(Records from a dataset)

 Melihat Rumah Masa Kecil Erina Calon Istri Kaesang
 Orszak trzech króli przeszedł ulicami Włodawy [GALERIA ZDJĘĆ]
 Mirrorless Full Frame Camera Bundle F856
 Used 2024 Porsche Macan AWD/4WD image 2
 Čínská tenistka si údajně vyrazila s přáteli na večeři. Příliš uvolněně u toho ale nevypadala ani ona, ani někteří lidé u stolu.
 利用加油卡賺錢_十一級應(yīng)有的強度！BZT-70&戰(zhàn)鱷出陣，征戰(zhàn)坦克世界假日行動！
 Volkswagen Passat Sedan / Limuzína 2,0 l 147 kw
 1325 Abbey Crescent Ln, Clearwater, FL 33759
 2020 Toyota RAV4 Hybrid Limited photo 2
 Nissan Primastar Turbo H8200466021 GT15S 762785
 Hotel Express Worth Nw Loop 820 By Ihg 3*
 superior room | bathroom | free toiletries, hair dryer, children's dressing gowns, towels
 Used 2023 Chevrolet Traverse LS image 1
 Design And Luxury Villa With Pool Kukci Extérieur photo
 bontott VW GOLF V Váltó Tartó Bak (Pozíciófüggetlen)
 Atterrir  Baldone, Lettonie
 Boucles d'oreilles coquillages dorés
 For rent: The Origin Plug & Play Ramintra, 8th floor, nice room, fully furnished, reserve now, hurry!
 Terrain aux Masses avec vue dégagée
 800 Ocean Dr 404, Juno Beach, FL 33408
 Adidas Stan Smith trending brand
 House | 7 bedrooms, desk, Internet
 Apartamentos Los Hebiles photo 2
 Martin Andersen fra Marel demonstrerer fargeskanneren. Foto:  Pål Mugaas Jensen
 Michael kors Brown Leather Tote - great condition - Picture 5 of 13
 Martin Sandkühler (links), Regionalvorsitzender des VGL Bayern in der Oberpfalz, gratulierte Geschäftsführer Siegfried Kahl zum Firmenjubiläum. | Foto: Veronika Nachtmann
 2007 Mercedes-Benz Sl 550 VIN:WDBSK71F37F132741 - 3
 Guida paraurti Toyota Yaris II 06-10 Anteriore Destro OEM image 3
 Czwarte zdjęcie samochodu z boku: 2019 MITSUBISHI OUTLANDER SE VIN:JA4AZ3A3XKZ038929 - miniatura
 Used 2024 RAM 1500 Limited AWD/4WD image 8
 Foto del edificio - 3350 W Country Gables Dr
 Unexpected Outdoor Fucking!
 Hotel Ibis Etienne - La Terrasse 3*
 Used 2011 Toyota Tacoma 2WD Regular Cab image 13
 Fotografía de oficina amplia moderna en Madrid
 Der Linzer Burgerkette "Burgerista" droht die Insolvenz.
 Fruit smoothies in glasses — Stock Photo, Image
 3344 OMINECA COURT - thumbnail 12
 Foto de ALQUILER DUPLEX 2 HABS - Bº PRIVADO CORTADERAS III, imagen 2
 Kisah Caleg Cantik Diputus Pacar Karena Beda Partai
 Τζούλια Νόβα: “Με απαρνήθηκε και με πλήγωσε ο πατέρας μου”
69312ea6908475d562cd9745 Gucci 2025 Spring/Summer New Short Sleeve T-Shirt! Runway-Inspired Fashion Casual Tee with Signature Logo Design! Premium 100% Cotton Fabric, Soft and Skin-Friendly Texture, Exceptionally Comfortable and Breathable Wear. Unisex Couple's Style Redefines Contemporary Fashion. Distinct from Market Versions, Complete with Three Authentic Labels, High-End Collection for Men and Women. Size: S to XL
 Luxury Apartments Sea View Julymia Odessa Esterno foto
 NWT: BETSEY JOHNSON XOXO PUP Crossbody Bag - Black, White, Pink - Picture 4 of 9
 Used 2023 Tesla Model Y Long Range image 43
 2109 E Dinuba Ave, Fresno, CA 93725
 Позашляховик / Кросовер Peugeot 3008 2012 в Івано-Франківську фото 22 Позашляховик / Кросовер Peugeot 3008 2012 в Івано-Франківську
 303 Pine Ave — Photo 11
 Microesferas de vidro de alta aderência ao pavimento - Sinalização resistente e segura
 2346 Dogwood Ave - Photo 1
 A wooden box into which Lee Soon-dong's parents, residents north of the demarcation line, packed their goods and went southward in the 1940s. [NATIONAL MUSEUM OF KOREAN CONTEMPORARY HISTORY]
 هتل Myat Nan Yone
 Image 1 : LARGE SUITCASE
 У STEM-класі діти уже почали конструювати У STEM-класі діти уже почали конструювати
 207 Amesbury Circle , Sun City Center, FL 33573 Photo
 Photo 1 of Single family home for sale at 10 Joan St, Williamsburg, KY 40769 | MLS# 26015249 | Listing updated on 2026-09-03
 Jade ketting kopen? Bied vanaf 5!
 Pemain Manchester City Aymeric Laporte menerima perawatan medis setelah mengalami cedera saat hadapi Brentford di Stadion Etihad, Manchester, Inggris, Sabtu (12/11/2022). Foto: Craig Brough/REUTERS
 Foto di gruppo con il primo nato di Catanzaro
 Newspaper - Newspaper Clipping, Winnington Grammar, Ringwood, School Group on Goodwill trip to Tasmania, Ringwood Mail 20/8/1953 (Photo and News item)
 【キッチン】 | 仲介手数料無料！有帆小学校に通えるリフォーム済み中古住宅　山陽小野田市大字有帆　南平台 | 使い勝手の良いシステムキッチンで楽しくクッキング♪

Problem to work on:
Above are the records. Copy the lines beginning at the one that has "Hotel Ibis Etienne - La Terrasse 3*" and ending with the one that has "У STEM-класі діти уже почали конструювати У", unchanged.

Solution:
 Hotel Ibis Etienne - La Terrasse 3*
 Used 2011 Toyota Tacoma 2WD Regular Cab image 13
 Fotografía de oficina amplia moderna en Madrid
 Der Linzer Burgerkette "Burgerista" droht die Insolvenz.
 Fruit smoothies in glasses — Stock Photo, Image
 3344 OMINECA COURT - thumbnail 12
 Foto de ALQUILER DUPLEX 2 HABS - Bº PRIVADO CORTADERAS III, imagen 2
 Kisah Caleg Cantik Diputus Pacar Karena Beda Partai
 Τζούλια Νόβα: “Με απαρνήθηκε και με πλήγωσε ο πατέρας μου”
69312ea6908475d562cd9745 Gucci 2025 Spring/Summer New Short Sleeve T-Shirt! Runway-Inspired Fashion Casual Tee with Signature Logo Design! Premium 100% Cotton Fabric, Soft and Skin-Friendly Texture, Exceptionally Comfortable and Breathable Wear. Unisex Couple's Style Redefines Contemporary Fashion. Distinct from Market Versions, Complete with Three Authentic Labels, High-End Collection for Men and Women. Size: S to XL
 Luxury Apartments Sea View Julymia Odessa Esterno foto
 NWT: BETSEY JOHNSON XOXO PUP Crossbody Bag - Black, White, Pink - Picture 4 of 9
 Used 2023 Tesla Model Y Long Range image 43
 2109 E Dinuba Ave, Fresno, CA 93725
 Позашляховик / Кросовер Peugeot 3008 2012 в Івано-Франківську фото 22 Позашляховик / Кросовер Peugeot 3008 2012 в Івано-Франківську
 303 Pine Ave — Photo 11
 Microesferas de vidro de alta aderência ao pavimento - Sinalização resistente e segura
 2346 Dogwood Ave - Photo 1
 A wooden box into which Lee Soon-dong's parents, residents north of the demarcation line, packed their goods and went southward in the 1940s. [NATIONAL MUSEUM OF KOREAN CONTEMPORARY HISTORY]
 هتل Myat Nan Yone
 Image 1 : LARGE SUITCASE
 У STEM-класі діти уже почали конструювати У STEM-класі діти уже почали конструювати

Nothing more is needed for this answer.